Daha sonra çocuksu duyguların saflığı ile aynı şekilde birbirlerinin koluna girdiler, o zikir çeken derviş arkadaşlarımızın taklidini ederek senin evinin önüne geldiler. Sen de ayvanda hamur yoğuruyordun. Kızını öyle görünce sinirlendin ve aşağı indin, çocuğa birkaç tane de tokat vurdun. ‘Seni bir daha böyle görürsem öldürürüm’ dedin ve aldın eve getirdin, çocuk ağlayarak uyudu. Sen de hamur yoğurmaya devam ettin.

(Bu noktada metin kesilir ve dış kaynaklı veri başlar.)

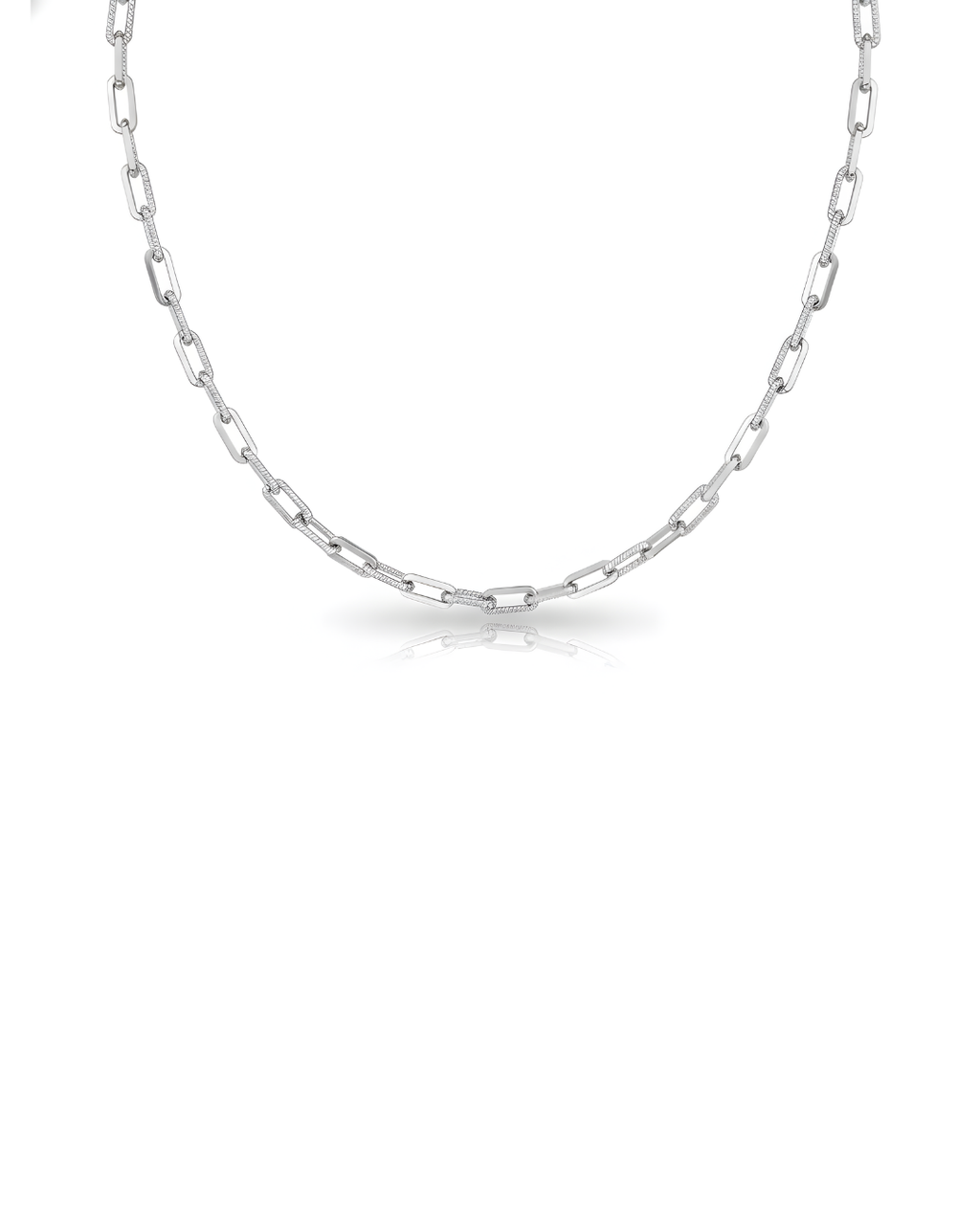 Silver Toggle Chain Necklace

Yalnız o çocukların zikri o kadar saf ve temizdi ki, Hazreti Gavs’un ruhaniyeti zuhur etti ve o çocukları hem seyretti hem de ikram etti. Fakat sen hayvani bir hayat yaşadığın için ne bana ne de Hazreti Gavs’a inanmıyordun. Bizim dervişlerin ara sıra zikir sesini duyduğunda da fena halde bozuluyordun. ‘Bu neymiş?’ diye kendi kendine söyleniyordun. Çocuğu da öyle görünce içinden bana çok ağır hakaretler ettin. Hazreti Gavs da her iki dizine manen vurdu, sen dizlerinde derin bir sızı hissettin ve kendi kendine ‘Galiba dizlerimin üstüne fazla oturdum, dizlerim uyuştu galiba’ dedin. Hamur da yoğrulmuştu. Kalkmak istedin ama kalkamadın, komşu hanımı çağırdın. O seni kenara çekti, uzattı ve ekmeğini de o hanım pişirdi.

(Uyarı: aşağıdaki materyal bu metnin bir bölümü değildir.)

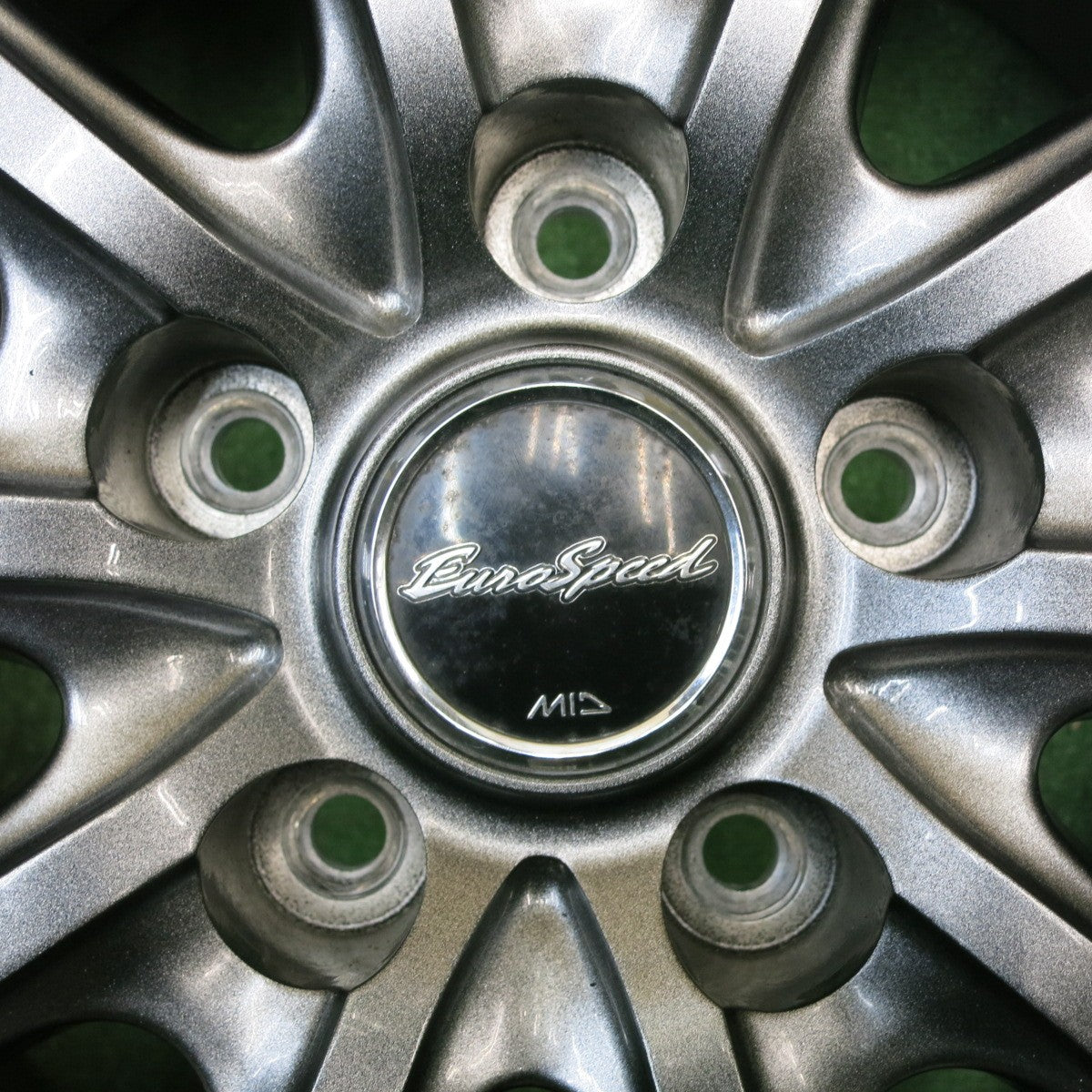 超バリ溝!24年!キレイ!ほぼ10分★スタッドレス 215/60R16 ダンロップ ウインターマックス WM02 EuroSpeed MiD ユーロスピード 16インチ PCD114.3/5H★5042602NJス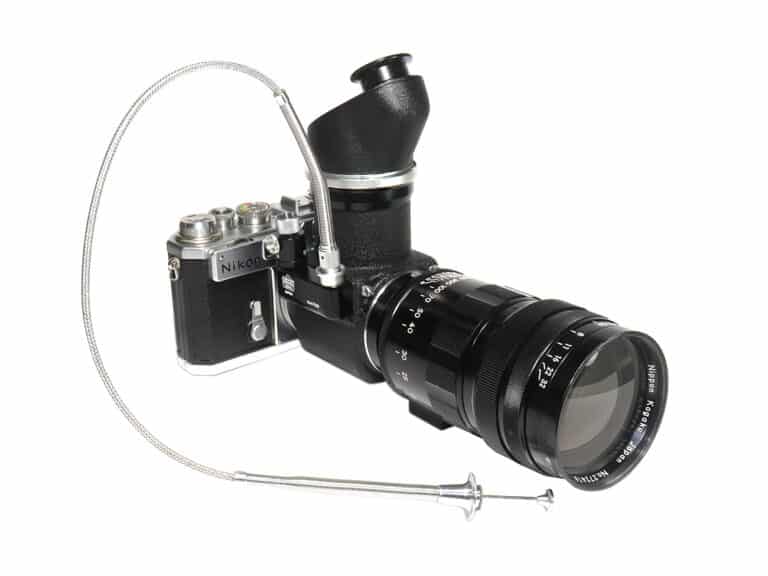 Nikon SP mit Reflex Housing und Nikkor-Q 1:4/25 cm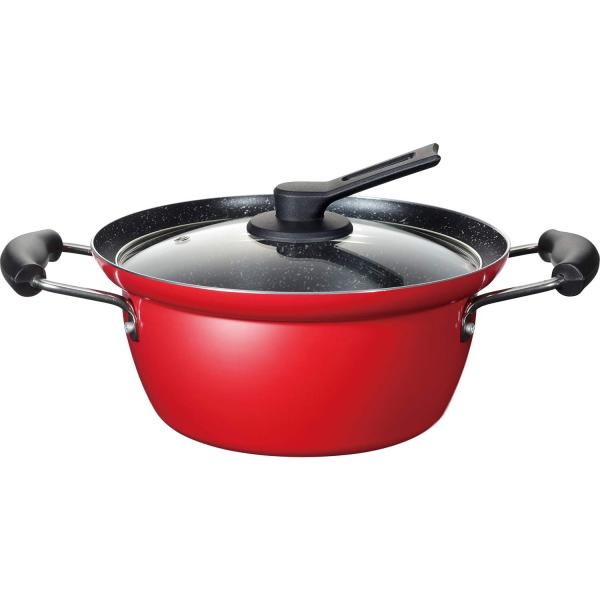 和平フレイズ ふきこぼれにくい 両手鍋 22cm IH・ガス対応 にこみーな RB-1696 4.1...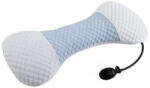 Blux Állítható Deréktámasz Párna Pumpával - Ortopéd Memóriahab, Világoskék - Fehér (PILLOW0010)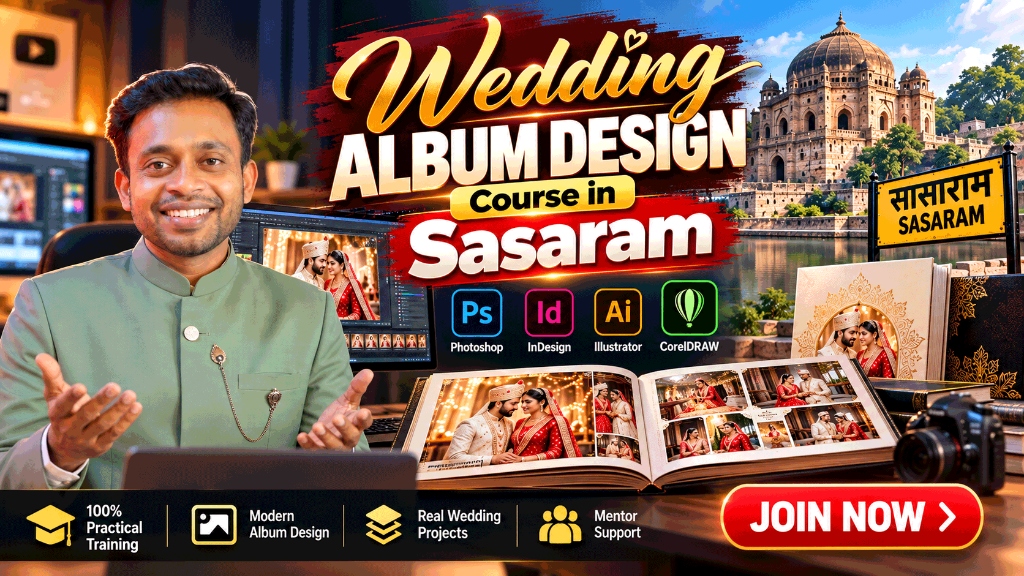 Wedding Album Design Course in Sasaram - Quick Art Photography Academy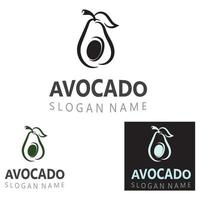 avocado vers fruit logo-ontwerpsjabloon voor creatieve ilustration vector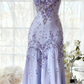 Ivory A Line Straps Beaded Chiffon Long Prom Dress Graduation Prom Dress SH2562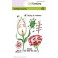 Motivstempelset "Mohnblumen, Schmetterlinge"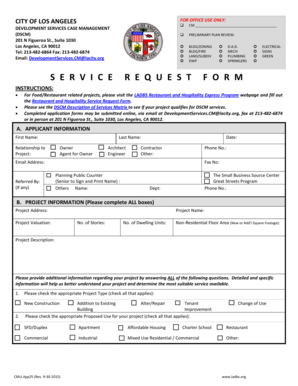 SERVICE REQUEST FORM Ladbsorg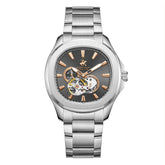 Beverly Hills Polo Club Men's Automatic Watch Analog Grey Dial with Silver Stainless Steel Band, BP3728X.360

Fakat senin sancıların her dakika arttı. Geceyi zor geçirdin ve komşular toplandı. Çoğu bizim halkaya mensuptu, senin işlediğin suçtan da haberleri yoktu. ‘Sana inme inmiş, şeyhimize gidersen şifa bulursun’ dediler ve siz de yollandınız, buraya geldiniz.” dedi ve devamla “Hadi yürü de bir görelim.” buyurdu. “Bununla da kalmayacak, her geçen gün canın yukarı doğru çekilecek ve uzun bir müddet sürünüp öleceksin.” buyurmuştur.


Bu kelamları duyan kadın ve kocası yüksek sesle ağlayarak Şah-ı Evliya’nın ayaklarına kapanmıştır. Anne ve babasının ağlamasından etkilenen çocuk da ağlamıştır. Sultanımız kadınla kocasına dönerek:


“Sizi, bu hanım kızın gözyaşlarının hatırı için hem ben hem de Sultan Abdulkadir bağışladı.” buyurmuştur ve emir erine dönerek:


“Oğlum, bir bardak su getir.” diye emretmiştir. Emir eri hızla bir bardak su getirmiştir. Suyu Şahımız’a uzatırken:


“Kurban, bu soysuza okuma; bu küstahlığı size yapan cezasını çeksin.” deyince, Sultanımız:


“Oğul, bu kadın suçlu; şu sabi çocuğun suçu ne?” demiş ve suyun üstüne uzunca bir nefes üfürmüştür. Ve “İç bu suyu, anandan doğduğun gibi olacaksın. Bundan sonra da gönlüne ve diline sahip ol, yoksa sonun olur...” buyurmuştur.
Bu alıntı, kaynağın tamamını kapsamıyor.